Celebrating Beaver Creek’s 40th Season
Carl Eaton still remembers feeling the tap on his shoulder. It was December 15, 1980—Opening Day for the new Beaver Creek Ski Resort. Eaton had grown up racing for Ski Club Vail and was the son of Vail cofounder Earl Eaton, who’d originally proposed Beaver Creek in the 1950s. At 15, he already knew the mountain well; he’d gone elk hunting at the Bald Spot while his dad helped build Patrol Headquarters. For Opening Day—a VIP soiree that included Robert Redford and Jean-Claude Killy—Carl selected his 213-centimeter downhill boards and honored his adage, “ski fast, don’t be last.”

Carl and Earl Eaton in 1999
At Spruce Saddle, he spun around to find a Secret Service agent staring at him. He knew he’d gone a little fast down the Grand Traverse catwalk, weaving between guests. He didn’t know he’d narrowly avoided the 38th president of the United States, Gerald R. Ford. “The agent said, ‘Son, you better slow down—you almost ran the president into the trees,’” chuckles Eaton, who is now 55. “He wanted to make sure it was an accident and not something on purpose.”
As Beaver Creek celebrates its 40th anniversary this winter, all grown up and publicly traded, with a reputation as one of the finest luxury resorts in the world, you could argue that no family has shaped it more than the Eatons. Carl has worked at the resort for 30 years and risen from a mechanic to director of lift maintenance; he still skis his favorite powder stashes with his 10-year-old son, Cash, part of the sixth generation of Eatons to grow up in the valley. Earl, who died in 2008 at age 85, first skied here when he was 7, on wooden skis his dad made at their home in Squaw Creek near Edwards. He knew the valley’s mountains well from prospecting for uranium, and he dreamed of starting a ski area to provide local jobs.
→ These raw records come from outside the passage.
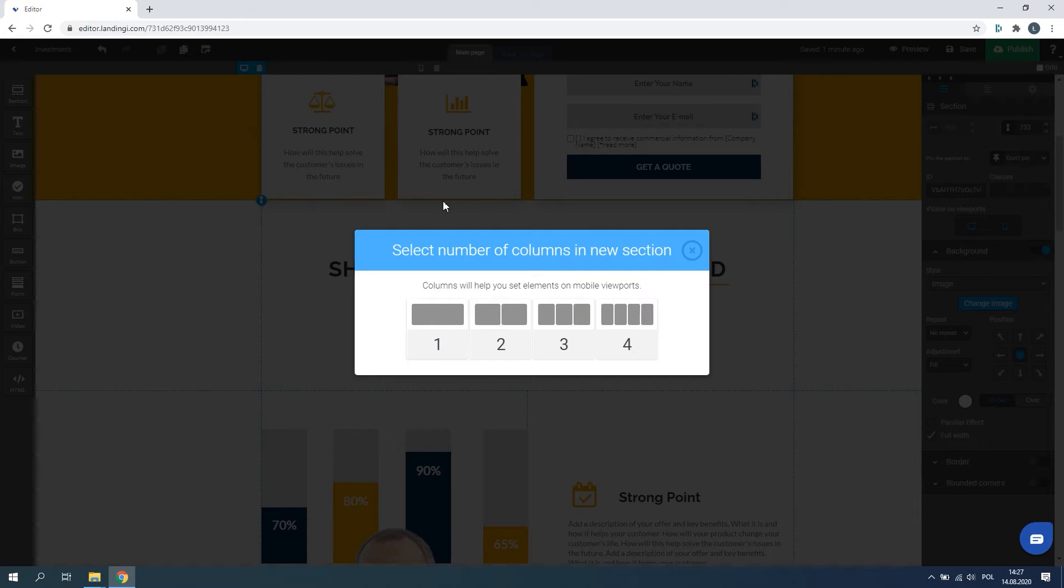Adding more than one column to your section is not necessary, though very useful if you want to place many elements one next to another.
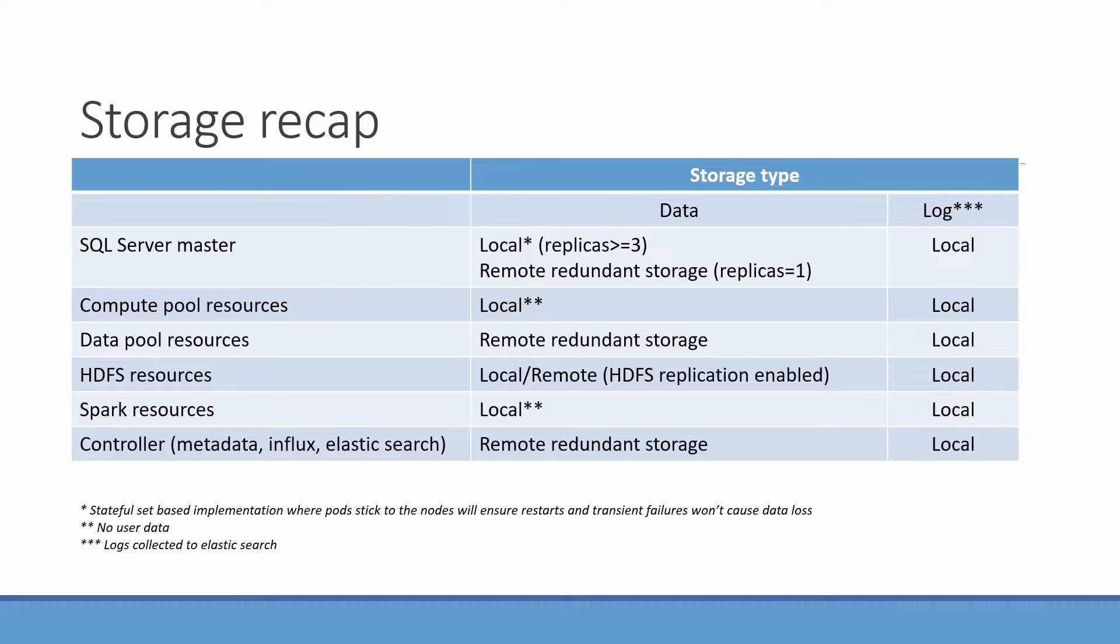So you already have some redundancy on that aspect. When it comes to data, various components have different requirements, depending on how mission critical they are, and if there is any user data that is stored for that. Like for example, SQL Server Master or storage pool, like where HDFS data is kept, you do want to maintain redundancy for that, right? But compute pool or Spark, there is no state. It is just compute, so there is no point to add additional redundancy to the storage.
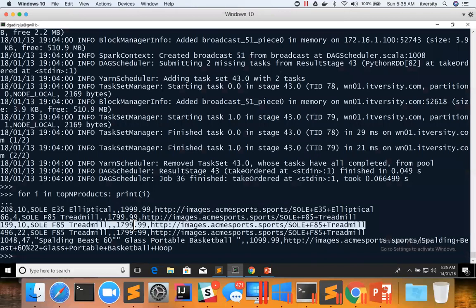And there will be scenarios where we might have to get top n-priced products, where if there are 10 records within top five prices, we have to get all the 10 records, not just five records. For those purposes, we cannot achieve using either of these three approaches. For that,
The 19th-century settlement in Beaver Creek had evolved through the decades, from logging to lettuce farming to ranching. Earl Eaton thought it would be perfect for skiing, and he suggested as much to the U.S. Forest Service as early as the mid-’50s. Even after he and fellow Vail founder Pete Seibert turned their attention upvalley and settled on Vail Mountain, opening in 1962, his Beaver Creek idea never died.

A 1980-81 lift ticket
Eight years later, when Colorado won the right to host the 1976 Olympic Winter Games, organizers viewed Beaver Creek as a perfect site to stage the alpine ski races. Vail Associates bought 2,200 acres from rancher Willis Nottingham in 1972, and the resort finally had a home—only for the state’s voters to infamously reject the Olympics that November. It took another eight years of permitting and construction—and the equivalent of $30 million in today’s dollars to design—but the much-ballyhooed luxury resort scraped together just enough snow to open as scheduled, on a Monday no less.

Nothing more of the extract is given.